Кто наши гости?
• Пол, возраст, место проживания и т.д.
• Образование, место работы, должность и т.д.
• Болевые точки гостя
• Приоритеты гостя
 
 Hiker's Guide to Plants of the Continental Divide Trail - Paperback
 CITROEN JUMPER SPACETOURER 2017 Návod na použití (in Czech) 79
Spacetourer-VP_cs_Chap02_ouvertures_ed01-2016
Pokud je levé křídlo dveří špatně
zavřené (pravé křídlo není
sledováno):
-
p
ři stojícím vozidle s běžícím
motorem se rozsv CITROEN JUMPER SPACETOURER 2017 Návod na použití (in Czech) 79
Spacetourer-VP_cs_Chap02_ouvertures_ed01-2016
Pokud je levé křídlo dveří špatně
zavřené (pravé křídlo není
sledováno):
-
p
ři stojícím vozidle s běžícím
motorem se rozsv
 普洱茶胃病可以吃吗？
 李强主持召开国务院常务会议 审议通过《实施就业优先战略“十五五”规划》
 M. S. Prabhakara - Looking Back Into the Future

..........

— Work item —
Please write out only the lines from the one containing "должность и т.д." to the end of the records above, exactly, both ends included.

— Problem solution —
• Образование, место работы, должность и т.д.
• Болевые точки гостя
• Приоритеты гостя
 
 Hiker's Guide to Plants of the Continental Divide Trail - Paperback
 CITROEN JUMPER SPACETOURER 2017 Návod na použití (in Czech) 79
Spacetourer-VP_cs_Chap02_ouvertures_ed01-2016
Pokud je levé křídlo dveří špatně
zavřené (pravé křídlo není
sledováno):
-
p
ři stojícím vozidle s běžícím
motorem se rozsv CITROEN JUMPER SPACETOURER 2017 Návod na použití (in Czech) 79
Spacetourer-VP_cs_Chap02_ouvertures_ed01-2016
Pokud je levé křídlo dveří špatně
zavřené (pravé křídlo není
sledováno):
-
p
ři stojícím vozidle s běžícím
motorem se rozsv
 普洱茶胃病可以吃吗？
 李强主持召开国务院常务会议 审议通过《实施就业优先战略“十五五”规划》
 M. S. Prabhakara - Looking Back Into the Future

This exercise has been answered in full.